Of the lines in the material below, print only those from the one containing "Hand-woven colourful wire" to the one containing "Vintage wooden armchair", ends included, exactly as written and without pictures.
##### Information shown
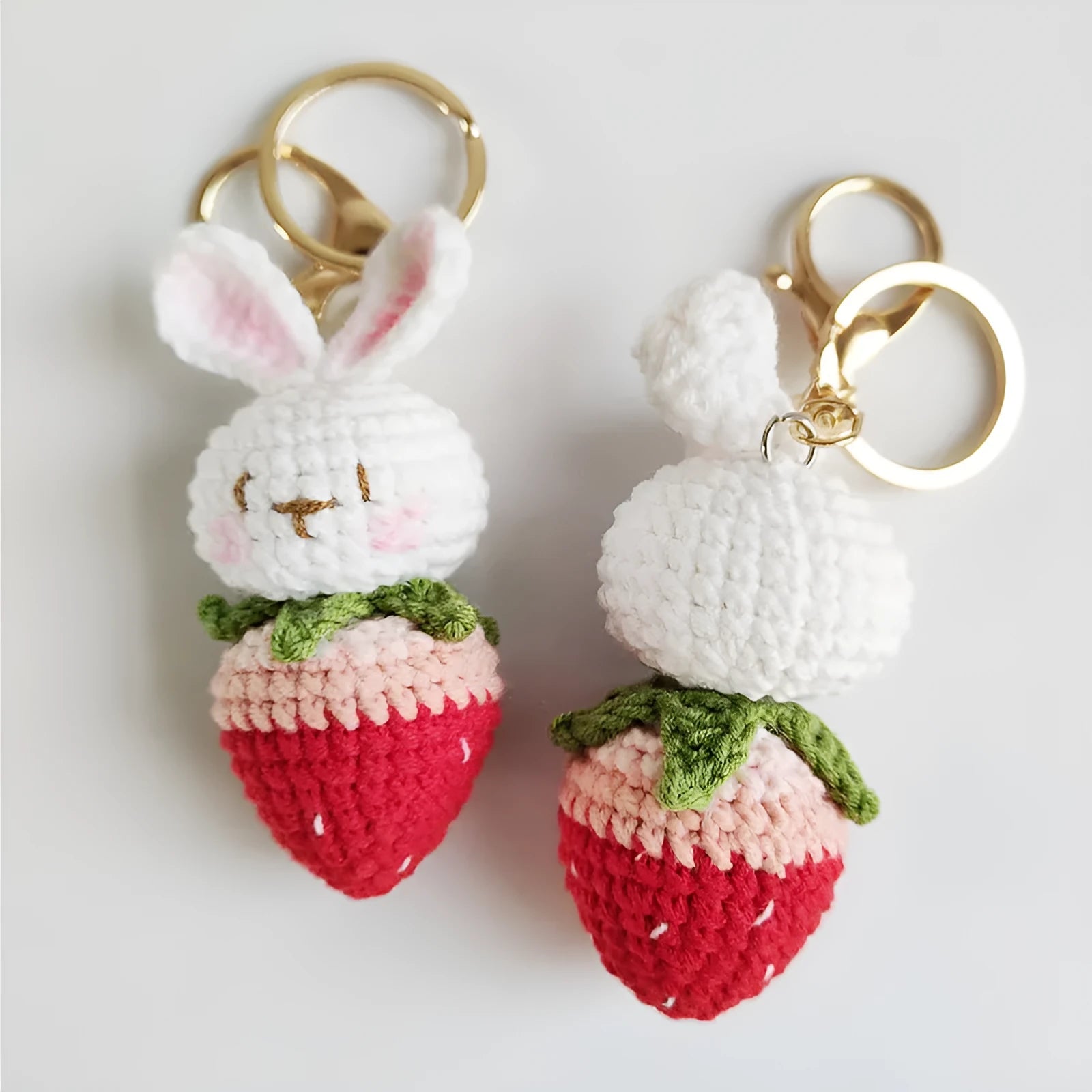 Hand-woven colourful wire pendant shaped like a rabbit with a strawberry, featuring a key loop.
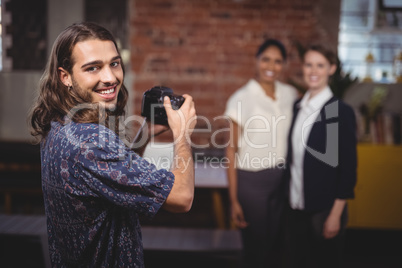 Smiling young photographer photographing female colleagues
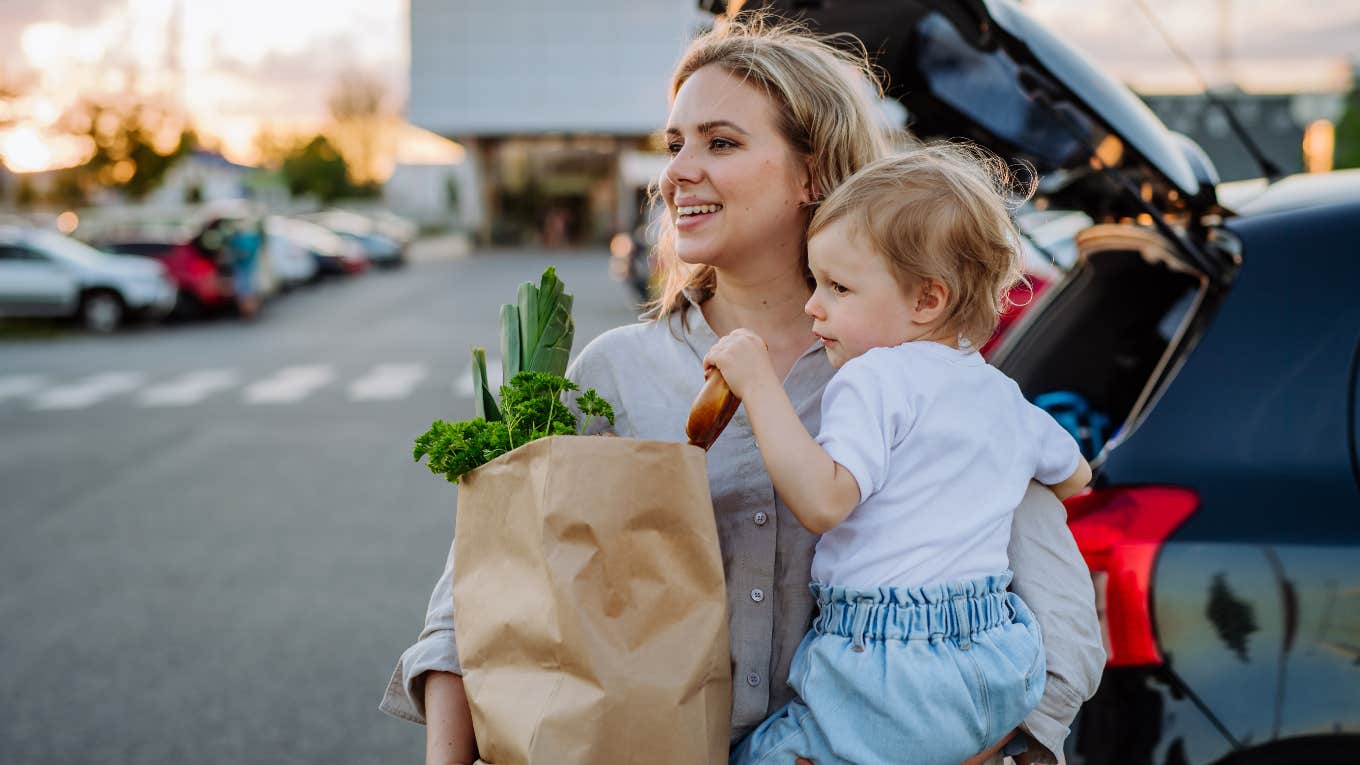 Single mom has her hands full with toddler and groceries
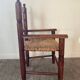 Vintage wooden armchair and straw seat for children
##########
##### Information shown
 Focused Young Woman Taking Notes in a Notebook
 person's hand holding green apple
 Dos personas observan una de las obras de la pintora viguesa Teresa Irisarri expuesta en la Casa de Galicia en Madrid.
##########
• [Written response]:
 Hand-woven colourful wire pendant shaped like a rabbit with a strawberry, featuring a key loop.
 Smiling young photographer photographing female colleagues
 Single mom has her hands full with toddler and groceries
 Vintage wooden armchair and straw seat for children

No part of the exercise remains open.